Ward's inconsistency -- he is more likely to score zero points than 20 -- has provided fodder for the kind of endless criticism that has dogged him since he left Florida State and joined the Knicks in 1994.

"The challenge that came forth with football and people saying he's a football player and not a basketball player -- it would drive anybody when someone says you can't do this or you're not that," teammate Chris Childs said.

That label stuck with Ward during his early years in town, when he was often called the best quarterback in New York in the years when the NFL's Jets and Giants were struggling.

"You never know what energizes a person," Ward said. "The spirit that you have within, you keep moving forward. There have been a lot of times I've been talked about -- 'can't do this, can't do that' -- all those things are coming to rest for one day."

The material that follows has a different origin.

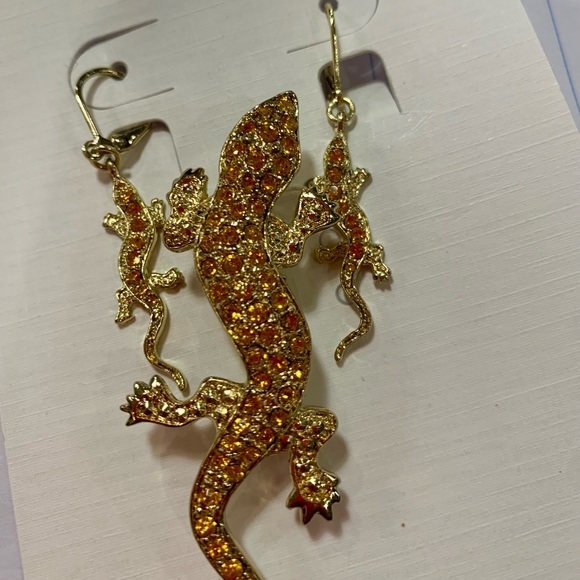 NWT. Iguana set  brooch & earring set gold tones - icon collection -gorgeous! - Picture 6 of 8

Allan Houston added 17 points, Latrell Sprewell had 16, Larry Johnson 13 and Patrick Ewing 12 for the Knicks, who led for most of the game and the entire fourth quarter.

Alonzo Mourning led Miami with 27 but missed four foul shots in the final 5 1/2 minutes. The Heat were also hurt by 19 turnovers.

Game 5 is Wednesday night in Miami, and Game 6 will be Friday night at New York. Game 7, if necessary, is next Sunday at Miami.

 
Closer Look
SI's Marty Burns was in New York for Game 4:

Heat point guard Tim Hardaway saw it coming, but he couldn't stop it.

He was pushing the ball across half court in the third quarter of his team's Eastern Conference semifinal Game 4 at New York Sunday when Knicks guard Charlie Ward suddenly stabbed at the ball and knocked it free.

His feet seemingly nailed to the floor, Hardaway barely moved as Ward collected the ball and set off on a Knicks fast break and another easy basket en route to a 91-83 victory and a 2-2 tie in their best-of-seven series.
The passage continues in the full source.